According to reports in Internet Retailer, October 2008 pay-per-click advertisers experienced an increase in ad rates by 14%. During this period Google accounted for 77% of search advertising budgets and accounted for about 62% of searches.
At the heart of this growth for Google is the user experience. User’s surveyed saw Google scoring higher in consumer satisfaction, while Yahoo slipped, and Microsoft remained steady.
For search marketing this means that as competition increases on Google AdWords advertisers must have the right strategy to harness the best clicks, and create campaigns focused on driving qualified conversions.

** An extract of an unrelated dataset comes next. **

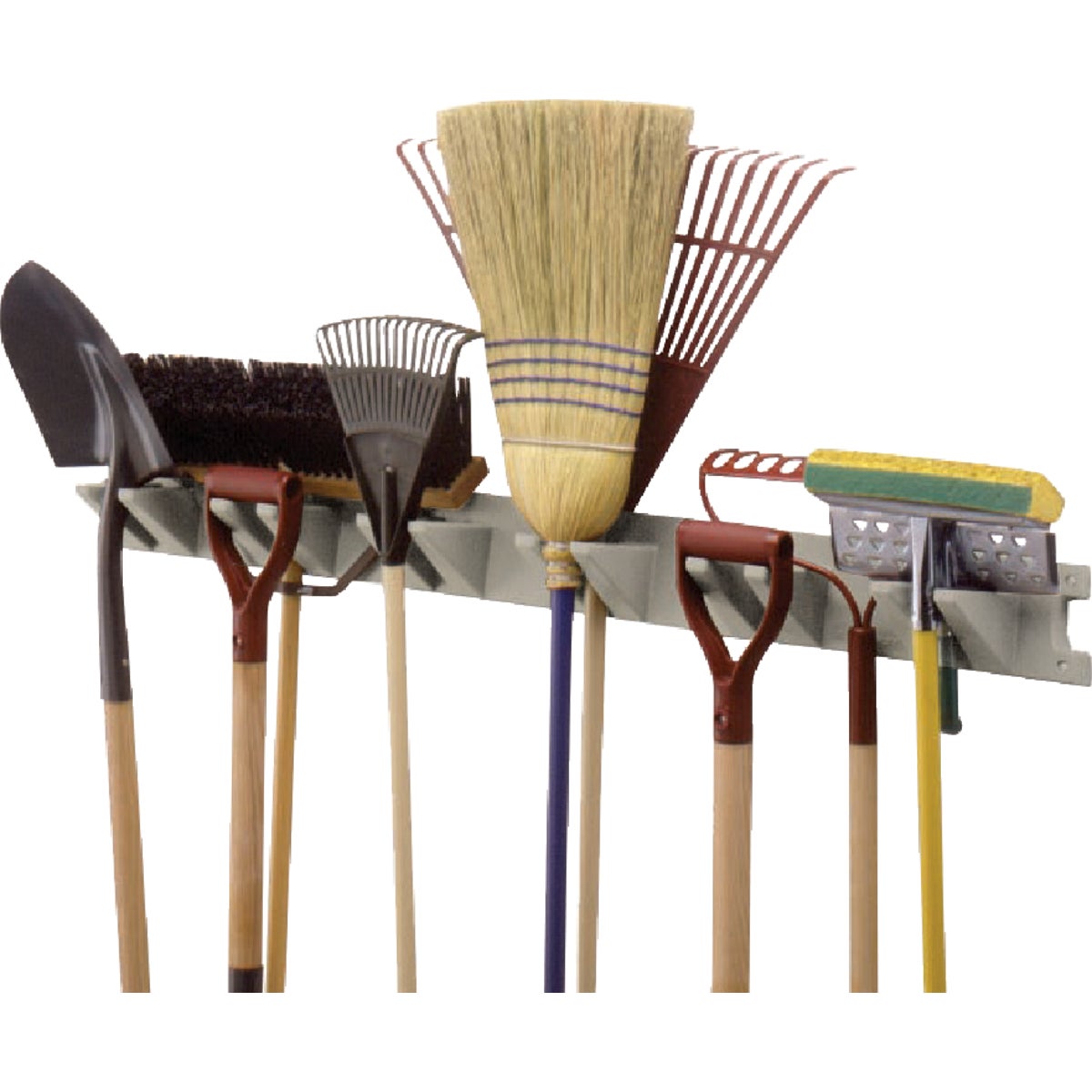 Suncast 48 In.Tool Hanger Long Handle Tool Rack Image 2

So why has Google continued to increase revenue, the key is in how they have branded themselves and how that translates to the understanding tat they are serving multiple customers: Searchers, Advertisers, Web Site Owners, Content Providers, Consumer protection agencies, Governments. Even as they have added advertising to many of the new acquisitions, such as YouTube, Google has kept consistent with their branding: clean layout and relevant results, both organically and paid. As long as Google continues to improve tracking and targeting features faster than the competition, which is lagging behind, they will remain as the primary platform for most paid search budgets.
Recently Ask.com has relaunched their search engine and returned to their branding, semantic search, answering questions users ask. With a purposeful effort to constantly improve becoming more noticeable over the past six months it may only be a matter of time before Ask starts eating into the search and advertising shares of it’s competitors. The question to be answered is “who’s share of search traffic will ask.com eat into?”